Now that we have the frontend and the communication between the processing system ready, we can move on to the engine of the system i.e. the actual method which we experimented with during our research. The Processing block of the system i.e. "Retrieval of Quranic Verses" part would use pre-embed verses of the Quran i.e. all 6236 verses of the Holy Quran from all 3 languages excluding the count of "BismilLah" verses. By doing this, we save the cost (in terms of time and responsiveness) of creating a model and have the embeddings be made for all Quranic verses in advance which can then be used to calculate similarity against using the similarity metric of our choice i.e. "Cosine Similarity". For embeddings, we intend to save them from two top-performing models and then using them to calculate similarity against the query we have from the front-end. Finally, the system sorts the similarity detail given by the deep learning model and returns the top 10 most related verses to the user's front-end interface through REST APIs.
Benefits of the ProjectThis research project is being carried out to solve a problem for Muslims all over the world. The problem being the fact that first, an average person does not know which para, section, or verse of The Holy Quran talks about whatever the concern of the person in question is. Therefore, our method aims to provide a solution to this first problem by using semantic search techniques to find and deliver related verses in response to the query of the user. The second part (literally) of the project aims to solve the other half of this project i.e. Did the user understand the verse correctly? To test himself and shortlist the ayah and results for the respective precedents and antecedents, the user can consult a professional with the shortlisted results. When used in tandem, they essentially cut the cost in half in terms of time and effort.
Technical Details of Final Deliverable- Explore and analyze which techniques, methods, and deep learning models would be beneficial for the purpose of solving the research problem.
- Identify 3 Pre-trained models to use for evaluation and testing in the project and 1 VSM model (Classical Machine learning NLP) approach.
- Use the preceding details to decide which techniques or models to use for our Production (User facing) Application.

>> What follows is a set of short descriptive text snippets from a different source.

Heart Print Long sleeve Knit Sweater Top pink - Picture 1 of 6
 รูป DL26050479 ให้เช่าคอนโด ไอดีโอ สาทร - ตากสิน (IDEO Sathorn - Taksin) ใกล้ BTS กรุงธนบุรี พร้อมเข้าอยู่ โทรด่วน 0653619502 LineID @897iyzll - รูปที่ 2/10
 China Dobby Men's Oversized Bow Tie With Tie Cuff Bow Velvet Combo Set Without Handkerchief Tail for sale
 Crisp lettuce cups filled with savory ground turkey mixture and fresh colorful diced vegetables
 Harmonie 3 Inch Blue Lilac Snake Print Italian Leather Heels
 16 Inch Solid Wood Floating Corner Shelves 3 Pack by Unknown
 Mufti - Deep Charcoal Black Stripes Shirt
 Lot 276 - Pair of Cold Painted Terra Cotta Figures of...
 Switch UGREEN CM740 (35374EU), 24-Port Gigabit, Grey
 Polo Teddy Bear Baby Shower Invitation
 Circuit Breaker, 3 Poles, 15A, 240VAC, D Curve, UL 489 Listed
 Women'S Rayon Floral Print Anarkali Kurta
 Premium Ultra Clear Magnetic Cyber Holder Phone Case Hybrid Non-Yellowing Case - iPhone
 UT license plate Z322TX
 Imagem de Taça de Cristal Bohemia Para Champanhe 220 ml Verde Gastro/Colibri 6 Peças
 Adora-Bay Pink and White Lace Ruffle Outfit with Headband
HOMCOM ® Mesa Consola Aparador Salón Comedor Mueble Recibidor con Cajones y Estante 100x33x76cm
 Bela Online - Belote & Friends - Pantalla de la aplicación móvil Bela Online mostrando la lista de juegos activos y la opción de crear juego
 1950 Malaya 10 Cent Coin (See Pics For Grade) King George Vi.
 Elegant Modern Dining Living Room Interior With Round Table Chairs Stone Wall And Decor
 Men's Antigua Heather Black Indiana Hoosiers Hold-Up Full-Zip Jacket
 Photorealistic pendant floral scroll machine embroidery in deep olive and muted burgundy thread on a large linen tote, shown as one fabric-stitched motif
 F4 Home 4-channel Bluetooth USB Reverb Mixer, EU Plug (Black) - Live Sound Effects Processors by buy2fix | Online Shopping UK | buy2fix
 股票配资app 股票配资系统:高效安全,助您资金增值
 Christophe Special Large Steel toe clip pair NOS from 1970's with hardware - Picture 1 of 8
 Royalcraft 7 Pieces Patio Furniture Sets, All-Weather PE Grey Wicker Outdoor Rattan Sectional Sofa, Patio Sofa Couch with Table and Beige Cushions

- Test and decide on Semantic Search Performers and find pros and cons for each.
- Implement Semantic Search System for APIs.
- Fine-tuning Dataset for Natural Language Inference.
- Find out performer-models for Natural Language Inference.
- Implement Natural Language Inference System for APIs.
- Develop a User Facing Application and communicate with Server through REST APIs.
- Implement Server Application and the relevant APIs and processes.